2 You desire but do not have, so you kill. You covet but you cannot get what you want, so you quarrel and fight. You do not have because you do not ask God. 3 When you ask, you do not receive, because you ask with wrong motives, that you may spend what you get on your pleasures.
Ever since school began I’ve tried to listen more. While I’m still not the best at it, I’ve come across a few observations since the year began. One of these tidbits I’ve picked up on is that there are a ton of people who just aren’t very content with where they’re at in their life. Sure, there’s a ton of people who are thrilled with where they’re at, but I’ve noticed a pattern of friends and even strangers looking for something more; more than what they have now. In a day of social media, everyone puts their thoughts on the internet for the world to see. And recently a lot of what I’ve been seeing is people who put more stock in idealizing perfect relationships than actually working on the relationships they already have.
“If one day I can find a man who loves me and talks about me like *insert celebrity here* loves his wife, I’d finally be happy.” Now don’t get me wrong ladies, Thomas Rhett and his wife are the cutest thing since puppies, but the fact of the matter is that idealizing a relationship that you’ll never be a part of only can hurt the one you will be a part of. The same absolutely goes for guys. We do it just as much, if not more.
“If I could just find a girl like that one day I would be a happy man.”

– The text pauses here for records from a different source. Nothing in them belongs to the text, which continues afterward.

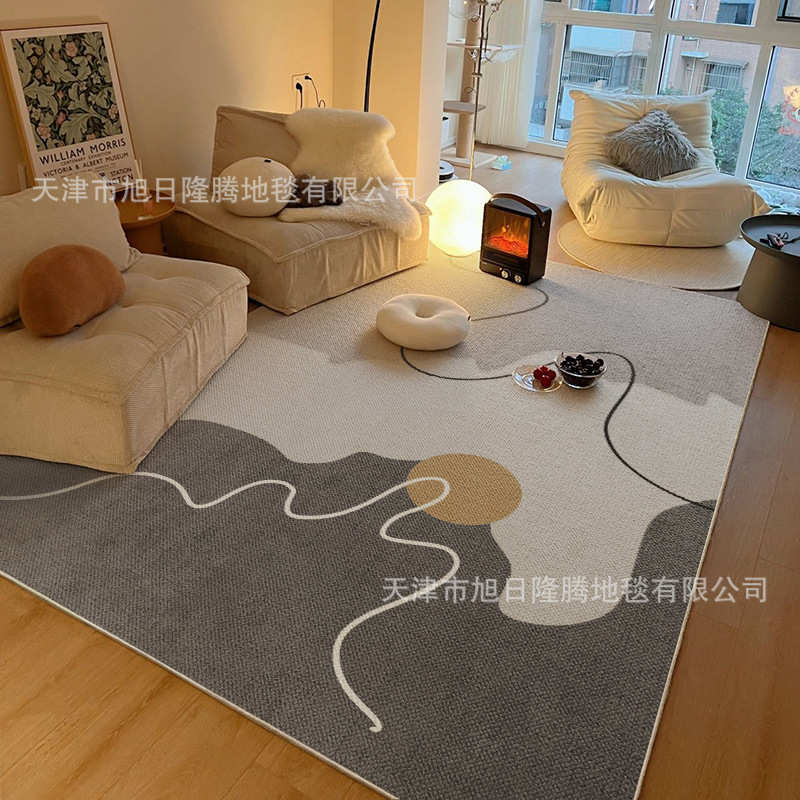 北欧ins地毯地垫客厅沙发茶几圈绒地毯防滑耐磨卧室房间地毯满铺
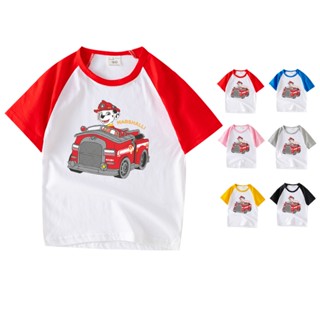 **พร้อมส่ง** เสื้อยืดคอกลม แขนสั้น ผ้าฝ้าย ลาย Paw Patrol 6 สี สําหรับเด็ก LA007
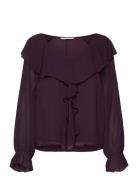 Leiana Blouse Purple Noella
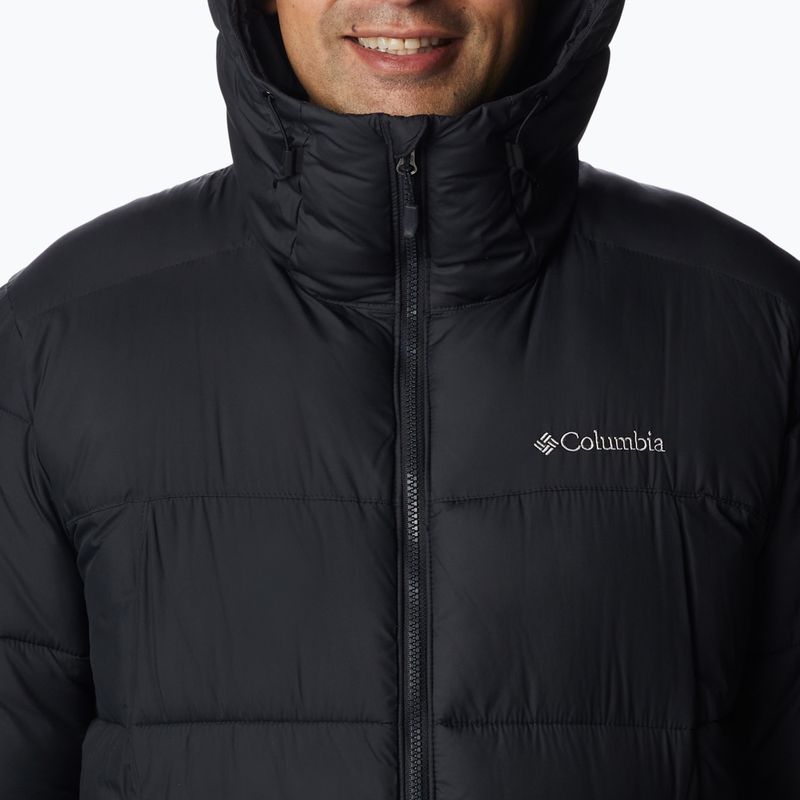 Piumino Columbia Pike Lake Uomo con cappuccio nero 6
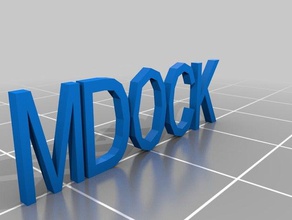 mdock words containers customized 3d print model - Mito3D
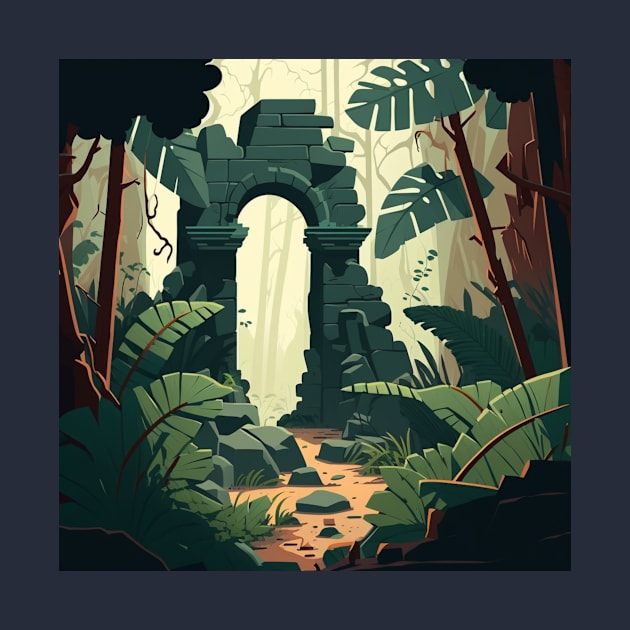 Ancient Ruins Hidden in a Jungle by Star Scrunch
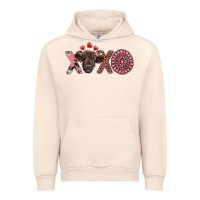 Sandshell xoxo calf and gemstone Urban Hoodie - RanaPortraitStore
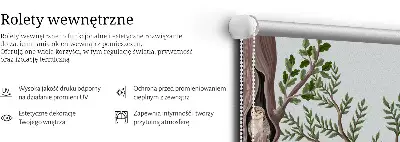Unutarnja rolo zavjesa Šumske životinje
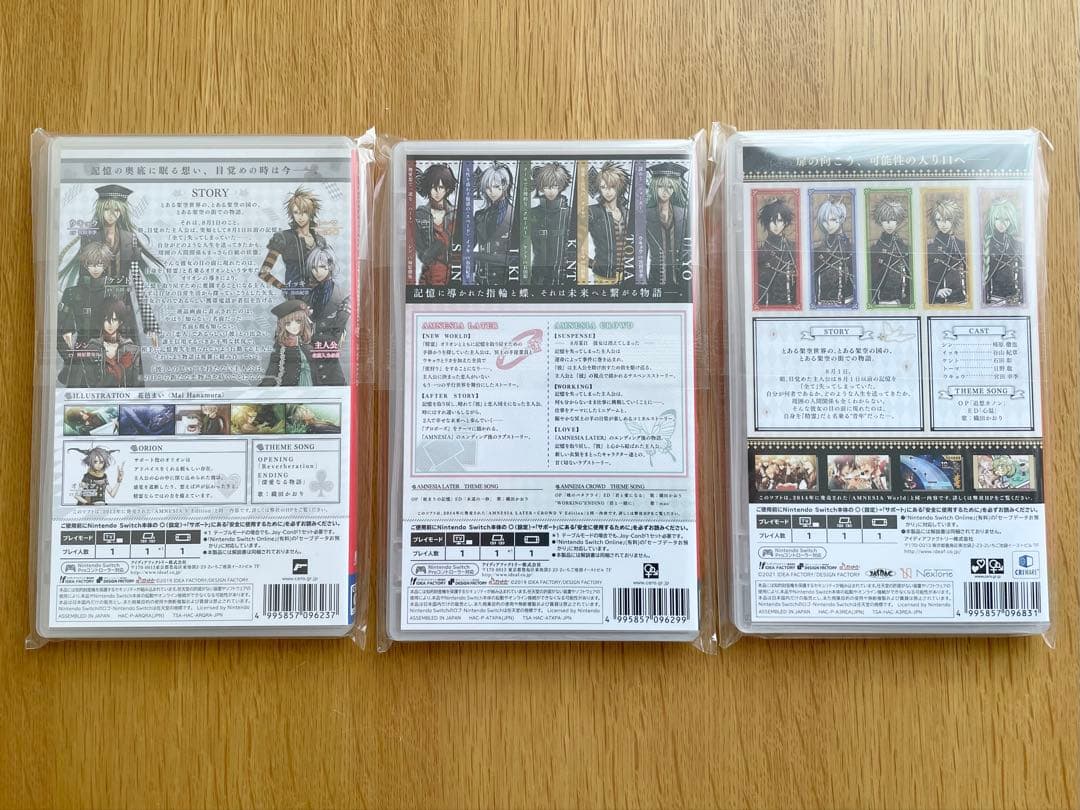 AMNESIA for Nintendo Switch 通常版3種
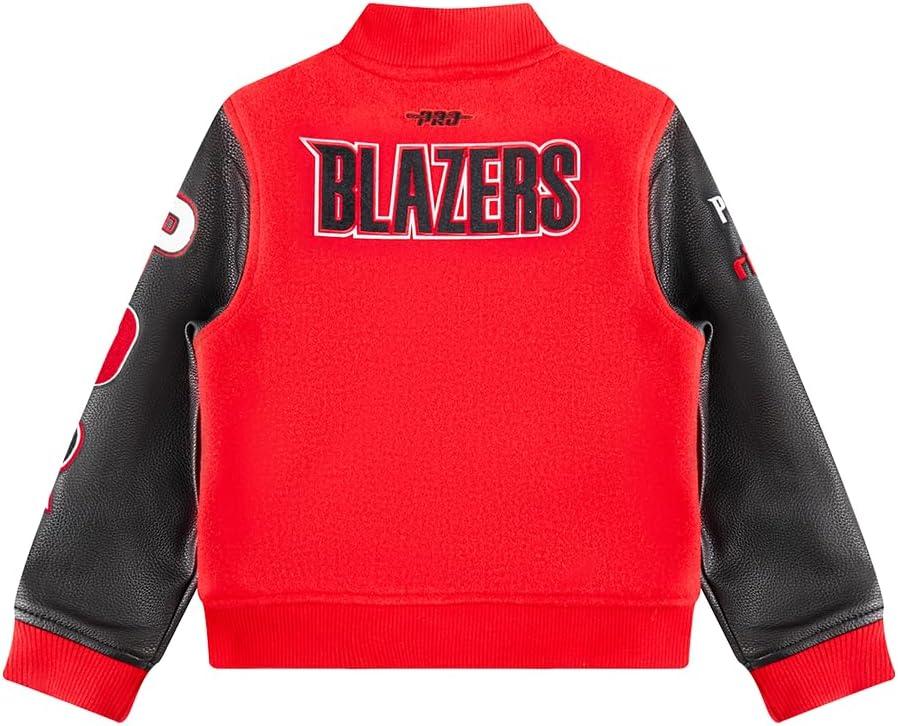 image:imagePro Standard NBA boys Pro Standard Big Boys Nba Classic Chenille Wool Varsity JacketRedBlack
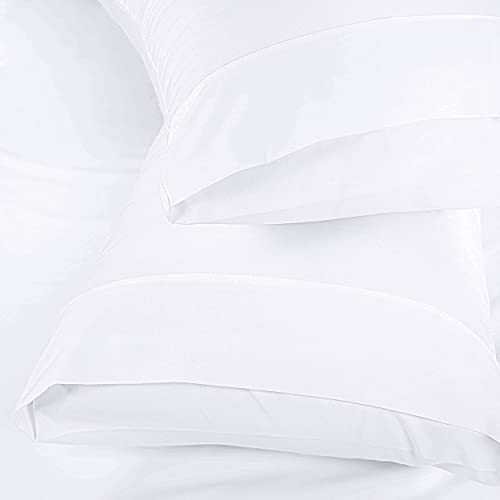 Utopia Bedding Queen Pillowcases - 12 Pack - Bulk Pillowcase Set - Envelope Closure - Soft Brushed Microfiber Fabric - Shrinkage And Fade Resistant Pillow Covers 20 X 30 Inches (Queen, White) #TOP6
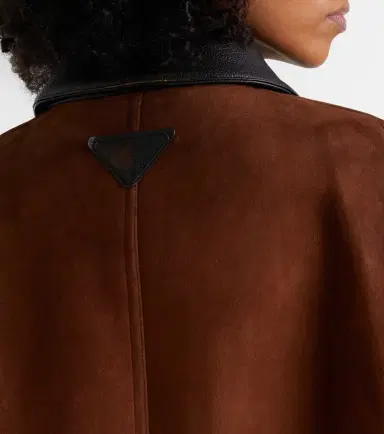 Prada Leather-trimmed suede field jacket | Thumbnail 6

“If I just could find friends that cared about me that much, maybe I could finally be happy.”
“If I just had a family that loved me like their’s does, man, I would finally be happy.”
All of these sentences have one thing in common, they’re all ifs.
James 4:2-3 says, “You desire but do not have, so you kill. You covet but you cannot get what you want, so you quarrel and fight. You do not have because you do not ask God. When you ask, you do not receive, because you ask with wrong motives, that you may spend what you get on your pleasures.”
We want what we don’t have, so what do we do? We ruin. We kill what we do have. We covet, we cling to the very things we wish we could have. We fight because we don’t get what we want, when we want it, right now. We want that perfect relationship, that perfect friendship, that perfect family why? For selfish reasons. With the wrong motives. At the end of the day, we do it for our own pleasures, for our own happiness. And the fact of the matter is that this idealism, this craving for something that has not been, is not, and will never be ours, is hurting our relationships. Hurting our relationships not only with each other, but with God Himself.
That verse hits incredibly close to home, mainly because I’m 1000% just as guilty of it as every other person. So the question I want to pose to anyone reading this is what do we do? As members of God’s church, children of God himself, what do we do?
We have to change. We as a generation have to make the conscious decision to be a people who puts their stock in God and nothing less. Because at the end of the day, anything less than God won’t make us happy, even if we think it would bring us more joy than anything else on this planet.
As a people we need to fix our eyes so high above on God and on Jesus Christ that it becomes pretty dang hard to remember what you were worried about before. I want us to take a moment to stop and just be thankful for the relationships, friendships, and family we do have in our lives. If you woke up today to see another day and you have any of those three aspects of your life right now (relationship, friendship, family), consider yourself incredibly blessed. There are people who have absolutely none of them. Sow those relationships and friendships that you do have. I promise you there is at least one of your friends who probably had a bad day and you have an opportunity to make it better by being there for them, to be their light. Shoot them a text, a phone call; grab lunch with them, show them God is good.
Idealism and idealistic mindsets hurt future and current relationships.